Yes, because of the very limited numbers of CPU cores. With a GPU you can just assign one core to one particle.

Here is a simple approach to do it with WebGPU:

https://surma.dev/things/webgpu/

It uses the very simple approach, of testing every particle with EVERY other particle. Still very performant (the simulation, the choosen rendering with canvas is very slow)

I currently try to do something like this, but optimised. With the naive approache here and Pixi instead of canvas, I get to 20000 particles 120 fps on an old laptop. I am curious how far I get with an optimized version. But yes, the danger is in calculating and rendering blocking each other. So I have to use the CPU in a smart way, to limit the data being pushed to the GPU. And while I prepare the data on the CPU, the GPU can do the graphic rendering. Like I said, it is way harder to do right this way. When the simulation behaves weird, debugging is pain.

2 comments

If you use WebGPU, for your acceleration structure, try to use the algorithm here presented in the Diligent Engine repo. This will allow you not to transfer data back and forth between CPU and GPU: https://github.com/DiligentGraphics/DiligentSamples/tree/mas...

Another reason I did it on CPU was because with WebGL you lack certain things like atomics and groupshared memory, which you now have with WGPU. For the Diligent Engine spatial hashing, atomics is required. I'm mainly using WebGL because of compatibility. iOS Safari still doesn't enable WGPU without special feature flags that user has to enable.

Thanks a lot, that is very interesting! I will check it out in detail.
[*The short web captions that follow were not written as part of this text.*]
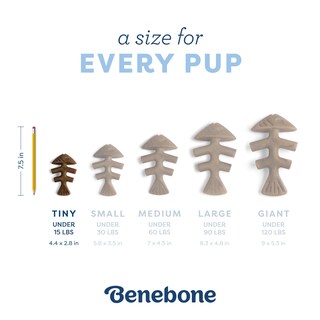 Foto 4 | Juguete Masticable Para Perros Benebone Puppy Fishbone, Más Suave Para Masticadores Modestos - Venta Internacional.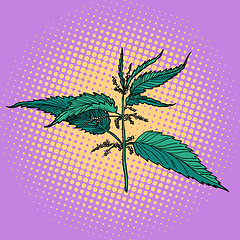 Image showing nettle, green burning plant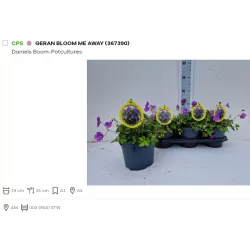 Snaputis - Geranium BLOOM ME AWAY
But currently I will likely proceed with my approach where I do transfer data back and forth between CPU and GPU, so I can make use of the CPU to do all kinds of things. But my initial idea was also to keep it all on the GPU, I will see what works best.

And yes, I also would not recommend WebGPU currently for anything that needs to deploy soon to a wide audience. My project is intended as a long term experiment, so I can live with the limitations for now.

This is a 2D simulation with only self-collisions, and not collisions against external geometry. The author suggests a simulation time of 16ms for 14000 particles. State of the art physics engines can do several times more, on the CPU, in 3D, while colliding with complex geometry with hundreds of thousands of triangles. I understand this code is not optimized, but I'd say the workload is not really comparable enough to talk about the benefits of CPU vs GPU for this task.

The O(n^2) approach, I fear, cannot really scale to much beyond this number, and as soon as you introduce optimizations that make it less than O(n^2), you've introduced tree search or spatial caching that makes your single "core" (WG) per particle diverge.

"that make it less than O(n^2), you've introduced tree search or spatial caching that makes your single "core" (WG) per particle diverge"

Well, like I said, I try to use the CPU side to help with all that. So every particle on the GPU checks maybe the 20 particles around it for collision (and other reactions) and not 14000, like it is currently.

That should give a different result.

Once done with this sideproject, I will post my results here. Maybe you are right and it will not work out, but I think a found a working compromise.